WHAT YOU HAVE TO DO: Transcribe the data exactly. Pictures stay out.

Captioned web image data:
++++++
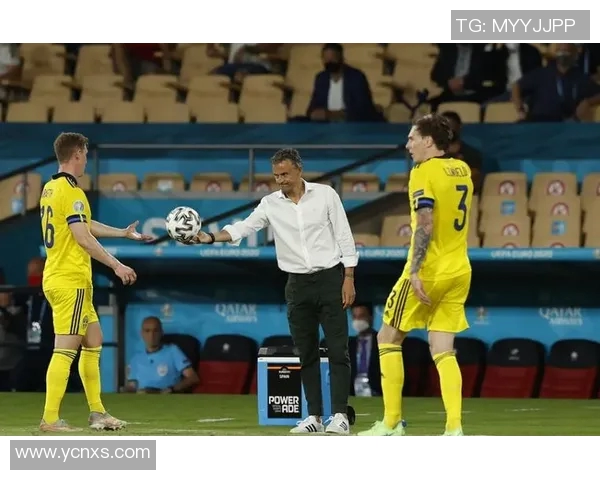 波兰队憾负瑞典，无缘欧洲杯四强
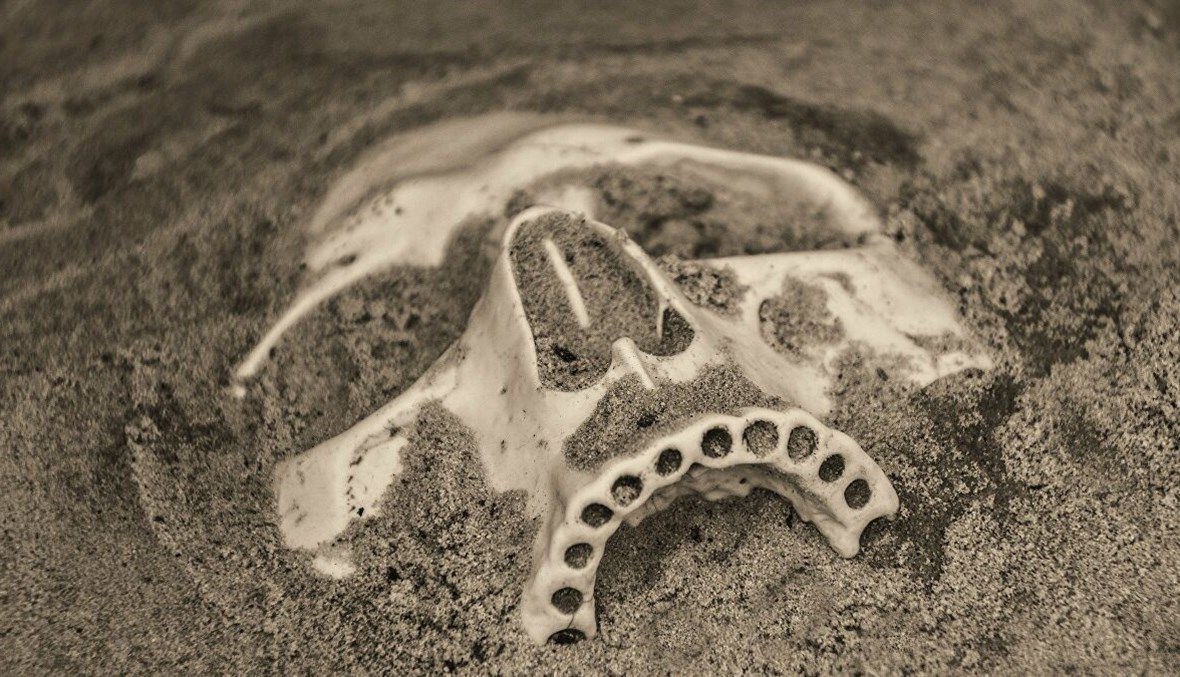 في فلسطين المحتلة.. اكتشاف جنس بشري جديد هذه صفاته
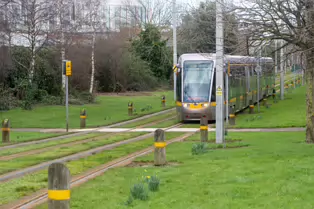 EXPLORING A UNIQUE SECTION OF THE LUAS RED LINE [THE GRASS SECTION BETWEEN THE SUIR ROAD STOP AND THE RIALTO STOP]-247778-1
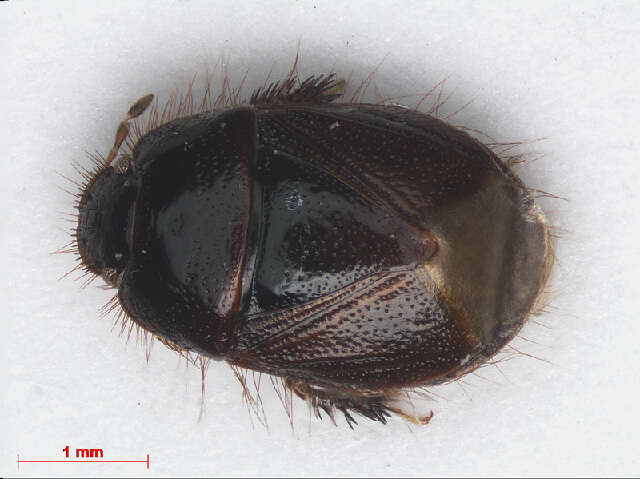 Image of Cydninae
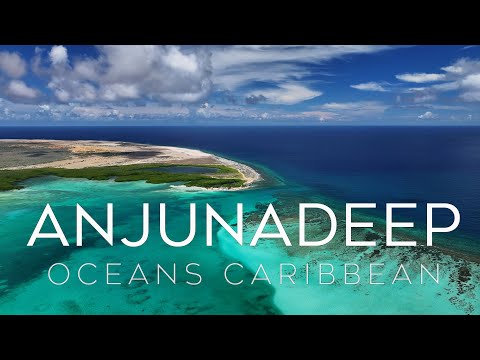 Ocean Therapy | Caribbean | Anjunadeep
++++++
OUTPUT:
 波兰队憾负瑞典，无缘欧洲杯四强
 في فلسطين المحتلة.. اكتشاف جنس بشري جديد هذه صفاته
 EXPLORING A UNIQUE SECTION OF THE LUAS RED LINE [THE GRASS SECTION BETWEEN THE SUIR ROAD STOP AND THE RIALTO STOP]-247778-1
 Image of Cydninae
 Ocean Therapy | Caribbean | Anjunadeep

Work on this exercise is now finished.